# Officers air environmental course (ph2)



## tree hugger (16 Apr 2005)

Has anyone taken this?  I've been told that it really doesn't exist anymore.  Who would take it?  I know several air trades that have to take the army phase 2 instead (CAP).  Anyone have any details to share with me??


----------



## kincanucks (16 Apr 2005)

I remember taking an Airforce Intoxication Course in Comox in the late eighties.  Is that the same thing?


----------



## Inch (16 Apr 2005)

I never took one. I went from BOTC to SLT and right into MOC training.

CAP is for the purple trades that can be posted to an army unit, I think CELE officers take it as well as security officers (MP's) and a few other trades. Hard Air Force trades like AERE, Navs, and Pilots don't take CAP. The TacHel types will do LOFT which is a basic intro to the army and how they operate. MH types will do a condensed version of NETP which is damage control, fire fighting and "the pointy end is called the bow" basic naval knowledge.

There is a course called the Air Force Officer Basic Course (AFOBC) that is usually completed a couple years after being MOC qualified. I have no idea what's taught since I haven't done it yet.


----------



## bgc_fan (16 Apr 2005)

Inch said:
			
		

> CAP is for the purple trades that can be posted to an army unit, I think CELE officers take it as well as security officers (MP's) and a few other trades.
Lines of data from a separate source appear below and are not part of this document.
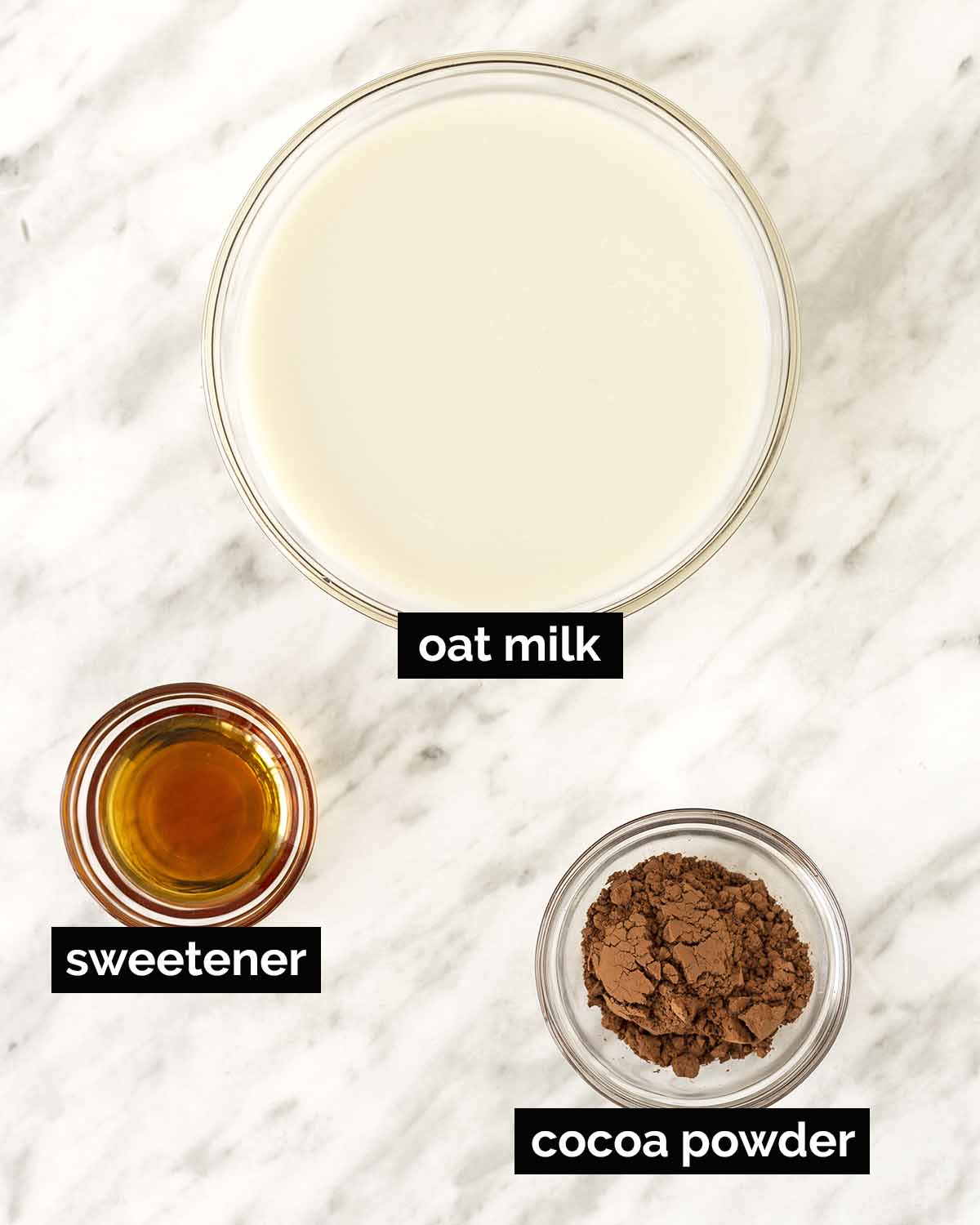 An overhead shot showing the ingredients needed to make hot chocolate with oat milk.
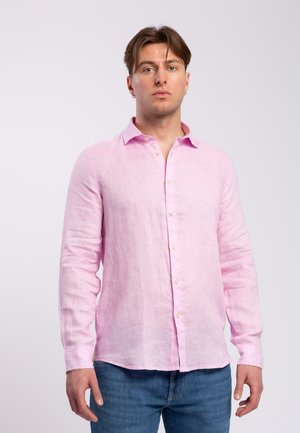 Camicia di lino rosa chiaro con maniche lunghe, colletto, chiusura con bottoni e finitura leggermente strutturata. Indossata con jeans blu.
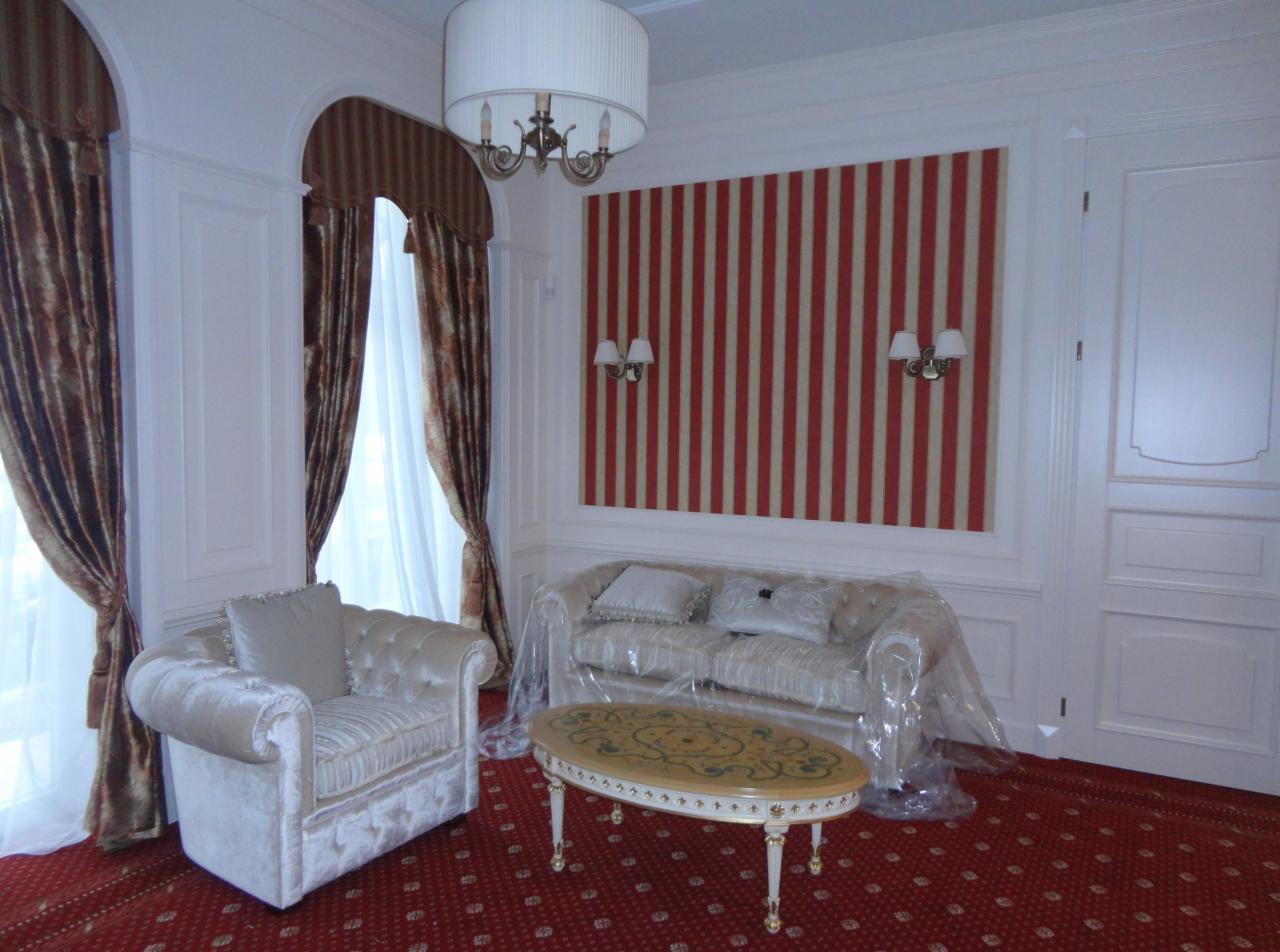 Elegancki salon z beżowym fotelem, sofą pod folią ochronną i owalnym stolikiem kawowym na czerwonym dywanie. Okno z dekoracyjnymi zasłonami i stylowe oświetlenie.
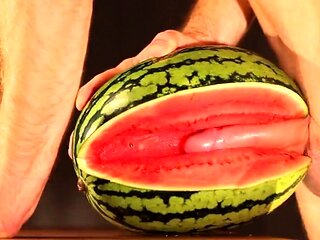 Muscular Stud Fucks and Cums on Watermelon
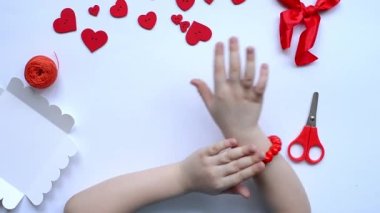 Sevgililer Günü 'nde bir kız için el yapımı kırmızı boncuk bileziği. El yapımı bebek dekorasyonu. El işi konsepti. Altıncı adım. Düzen, üst görünüm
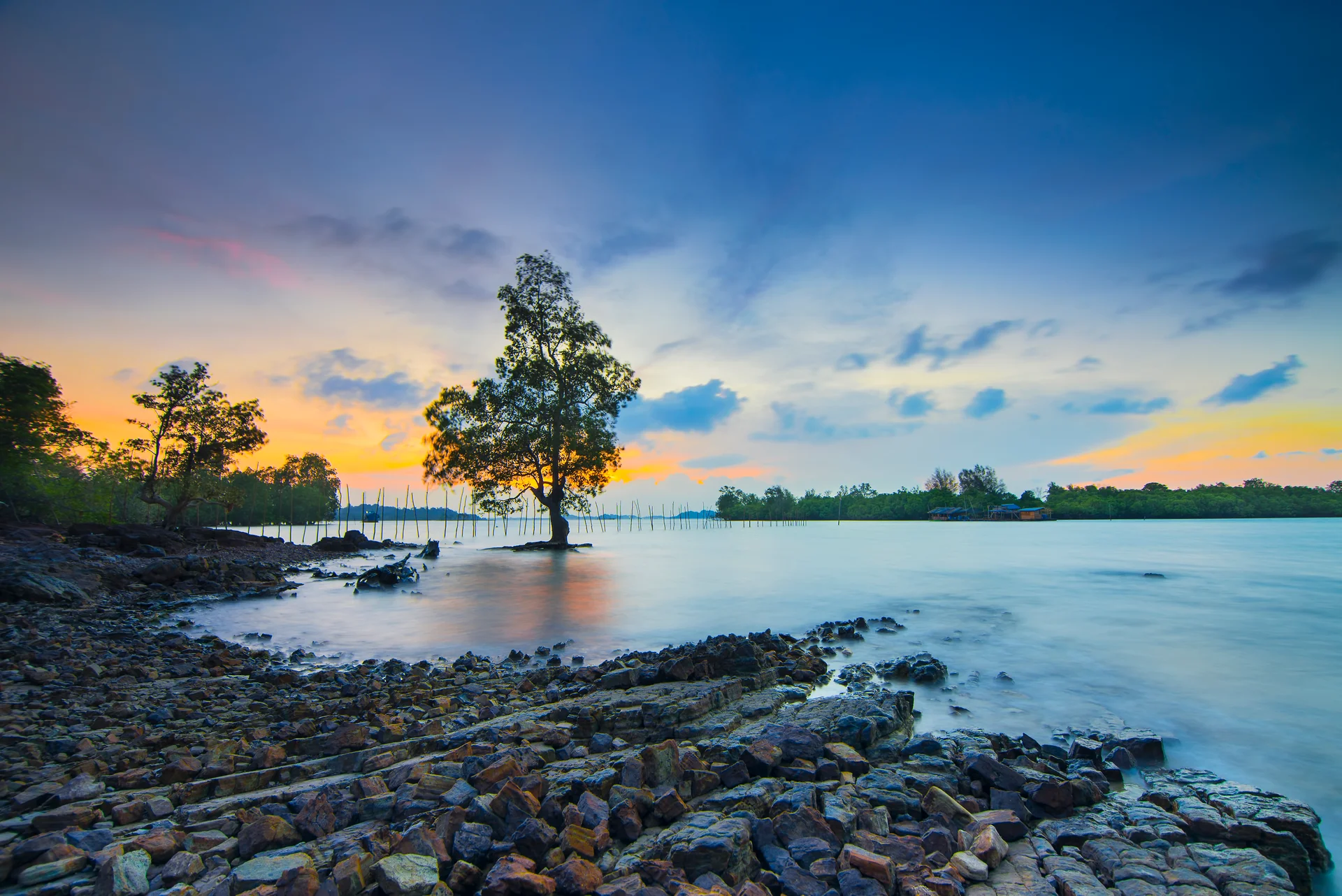 Beautiful Sunset With Rocks Along Beach. Nature wallpaper. 5965×3982px. Free download for personal use.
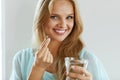 Beautiful Smiling Woman Taking Vitamin Pill. Dietary Supplement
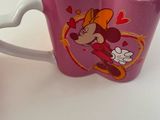 a cup with a mickey mouse design on it next to a cup with a mickey mouse design on it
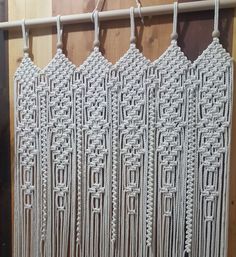 macrame wall hangings made with white yarn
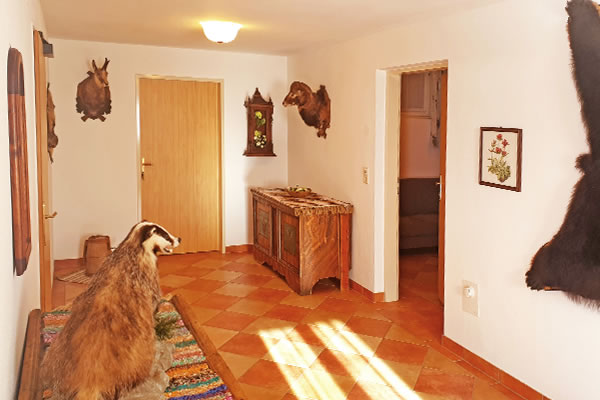 Flur im Chalet 'Jagdhaus Wagrain' mit braunem Fliesenboden, Holztür, antiker Kommode, Wanduhr und Tierpräparaten an den Wänden.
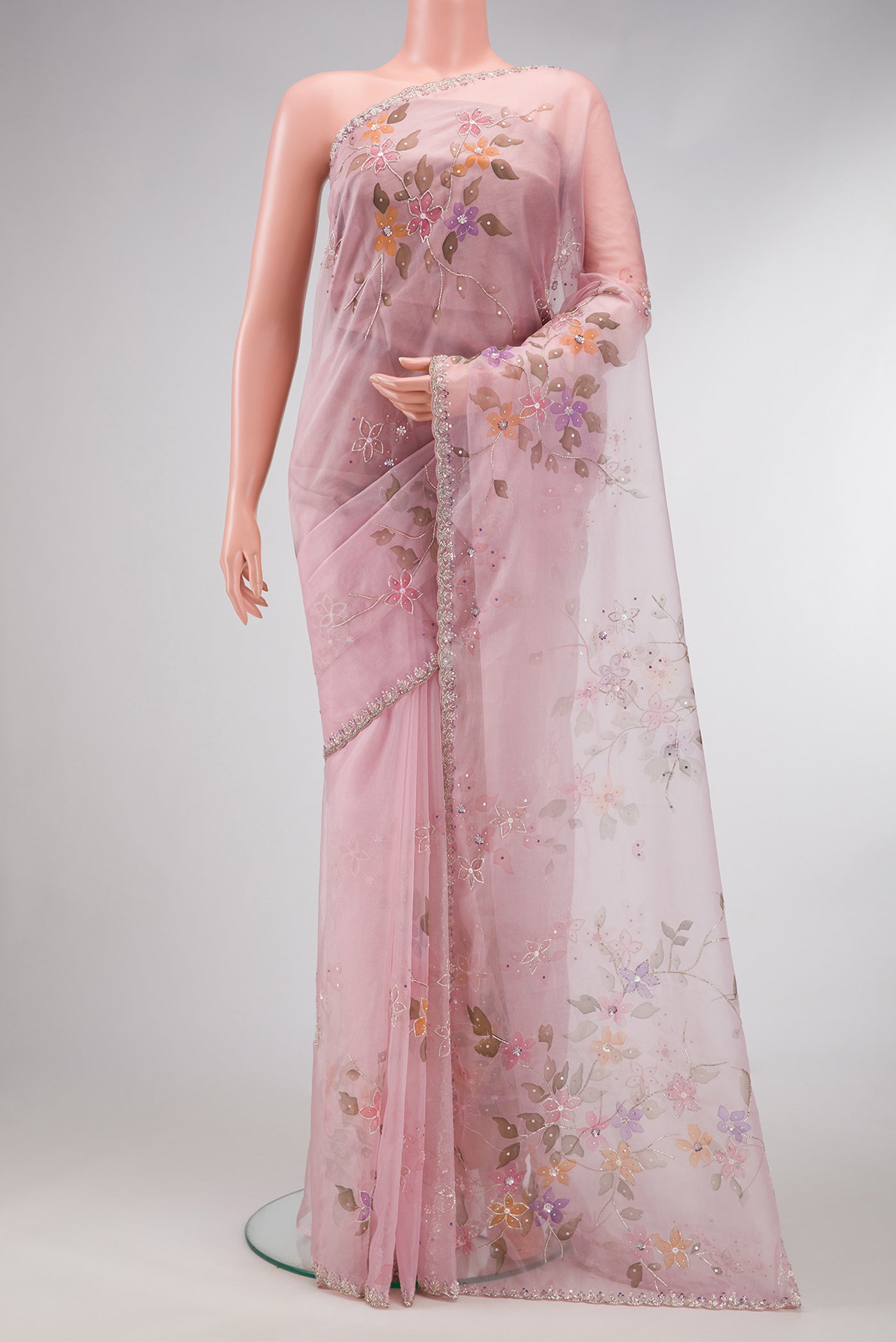 Rose pink Dual Tone Organza Silk Saree with Embroidery on the body and Embroidery Border.  displayed on a mannequin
Hard Air Force trades like AERE, Navs, and Pilots don't take CAP.



Just a quick comment, CELE officers don't take CAP. Airfield Engineers do though... as well as the MPs as you mentioned.


----------



## tree hugger (17 Apr 2005)

CELE officers were on CAP while I was there...is that a very recent change resulting from the Signals- CELE split?


----------



## onewingwonder (17 Apr 2005)

> Airforce Intoxication Course in Comox


Geez, that was a scary one. Don't believe my liver ever recovered.


----------



## bgc_fan (17 Apr 2005)

tree hugger said:
			
		

> CELE officers were on CAP while I was there...is that a very recent change resulting from the Signals- CELE split?



It seems to be. I believe all the CELE officers have messages saying that they're going to be posted at Saint-Jean to work on OPMEs after the SLT. Nothing about CAP.


----------



## casing (23 Apr 2005)

tree hugger said:
			
		

> CELE officers were on CAP while I was there...is that a very recent change resulting from the Signals- CELE split?



Essentially so.  From the documentation I've read and conversations with 'old' CELE folks regarding the split, CAP was one of the reasons for the split.  The CELE (Air) people didn't want to waste time and resources completing Army-specific training that they would never use again.

Also, there is some sort of environmental training that some air folks complete (air Log, for example).  It isn't CAP but is the Air equivalent (read: much shorter than CAP, leave out the weapons and formation movements).


----------



## tree hugger (23 Apr 2005)

Casing said:
			
		

> Also, there is some sort of environmental training that some air folks complete (air Log, for example).   It isn't CAP but is the Air equivalent (read: much shorter than CAP, leave out the weapons and formation movements).


That doesn't leave much left...just ruck marches, PT, field craft and battle procedure?


----------